One thing that’s interesting is that we see Oswald and The Master together. After she kept them together through Series 7 Part 2 to 8, it’s not so much a surprise that they’re together, but it likely will be as to why. Has The Master hypnotised her? Are they working together for some reason? I just hope that when it happens, I’ll be able to believe it and that it makes sense for those characters.
But it’s perhaps slightly more interesting that Osgood and Kate Stewart aren’t here, despite being carry-overs from the previous season, especially when their storyline directly clashed with The Master. I guess there wasn’t conceptual space in the style and tone of the trailer for them to be there. But there’s probably going to be a second, so they might be in that one. And that’s a good thing if, like The Master, I find myself actually liking them. When will that next one will be? Who can say.
Another thing to really like: the music. Some have criticised it for not being the theme, but the only trailer to actually use that was for The day of the Doctor. This definitely contains my favourite music of the trailers. It’s so optimistic and adventurous and exciting! Plus, it’s electronic. It combines the medium of the Classic Series and the style of the New Series. And it’s AWESOME! I hope it’s composed by Murray Gold, and not taken from somewhere else. Because if it is Murray Gold, he needs to stay. And make more music like this. His best track so far is the Gallifrey motif, but Series 9 has the capacity to have a soundtrack even cooler than what’s come before.

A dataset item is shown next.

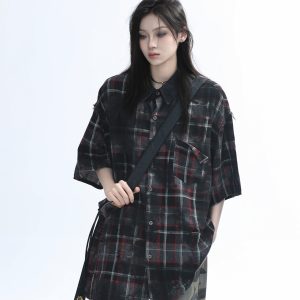 Retro Tie-Dye Plaid Short Sleeve Shirt for Women - Casual Summer Style, American High Street Trend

Peter Capaldi really looks like he’s come into his own, and seems much less anxious than before. Now, he just owns the part. Effortlessly. I still don’t think he’s the best actor to have been The Doctor, but he manages to be everything the character is; bumbling, idiotic, but still badass. “I am The Doctor… and I save people” could potentially, if it’s in the right context and isn’t just written to be in this trailer, beat the “The man who stops the monsters!” moment. In fact, by putting that at the climactic end to this trailer, they’re wrapping it up in a bow that sums-up everything Doctor Who is about.

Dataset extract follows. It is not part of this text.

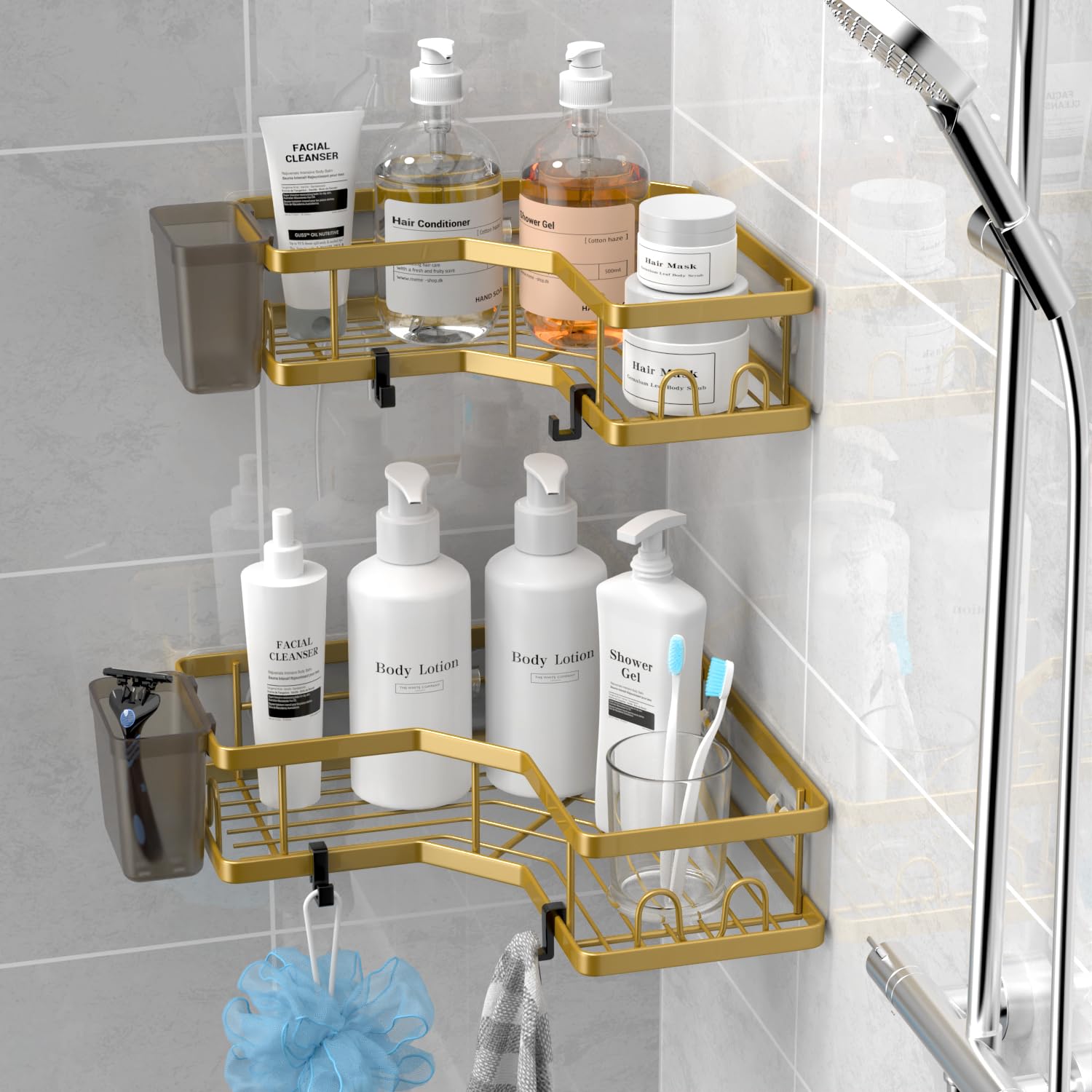 AKTECKE adhesive strips provide up to 40 lbs of sturdy shower storage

Doctor Who itself is already a familiar property. This was unveiled at Comic-Con, it gets very high ratings on BBC One HD, and it’s important to keep it fresh. Narratively, this is going to be the change of format by making Series 9 a season of two-parters. Then there’s the aspect ratio change. Does this trailer look generic? Well… yes. It’s like most trailers in that it’s a montage of things with a few other things we recognise. But it doesn’t look worn-out. When this is broadcast between programmes, it makes Doctor Who look still as exciting as it should be. All the British public cares about is that there’s a new season. And visually, from how much you can process, it looks interesting enough. I just hope Series 9 is as good as its trailer makes it look, because if it isn’t, that could turn-off a lot of casual viewers by making them think it’s been overhyped. Which it will have been in that case.
But I don’t, at this stage, believe that it will be. After I’d seen this trailer, I literally punched the air. I had actual tears in my eyes. And I had to take a moment outside. I just feel so disenchanted with Doctor Who right now that something which looks this promising is a shot of anticipation that I’ve needed over these past few months. It has everything; a swagger, a darkness, adventure but it’s cool and glitzy. This could be the season in-which Steven Moffat gets his drive back and delivers on the potential this show’s had. I just hope Series 9 doesn’t suck.
Oh, and did anyone else spot that Classic Series Dalek?